Sunday, May 11, 2008

Walking Observations

On a picnic near the Provo River at Mt. Timpanogos park, just at the mouth of Provo Canyon, I spotted a new wild friend with easy identification: a Bullock's Oriole, a brilliant orange and black bird somewhat smaller than an American Robin and a cousin similar to the Baltimore Oriole of the east. He has a sharply defined black mask with a chin stripe that does not continue to his chest, and his vibrant color makes him easy to spot. This one was foraging in trees, nibbling off the leaf buds far above our heads, chattering randomly as he enjoyed his own picnic.

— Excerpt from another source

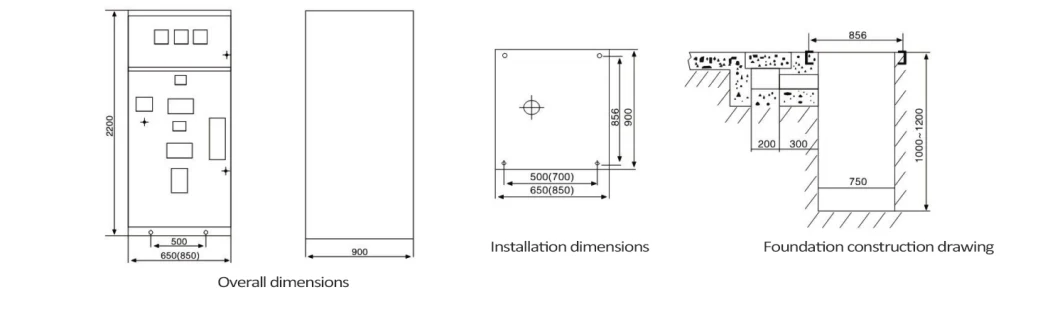 Box Type Fixed AC Metal Enclosed Switchgear High and Low Voltage Equipment Gas Insulated Switchgear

Spotting birds while walking trails is a great joy, but one that takes some practice in order to identify the wild wanderers. I would recommend going at a time when the light is good so any color variations in plumage are easily spotted, and try to get as close to the birds as possible so you can see details in their markings. Especially note the bill size and shape, head colorings, body size, wing markings, and rear view. If possible, also note what the bird is doing and any sounds you can clearly identify as coming from them.

When possible, snap a digital picture of the bird, one that you can zoom in on at a later date in order to compare the bird to books, field guides, websites, and other identification resources. Binoculars can also be a help, particularly for more reclusive species, if you have them available. My camera and zoom has helped me discover new species on several occasions, though with the clear and distinctive markings of the Bullock's Oriole, it wasn't necessary. I wouldn't recommend taking field guides with you while birding casually on a trail, since you'll waste valuable behavior observation time flipping through pages and making comparisons you can easily make after the bird has moved on.

With care and practice, you can easily find new and remarkable species no matter where you are, if you're prepared to observe them adequately. The best observation tools you have are your eyes, and with them, new birds can reveal a world you may never have known existed, a world that you share with many other intelligent and remarkable species.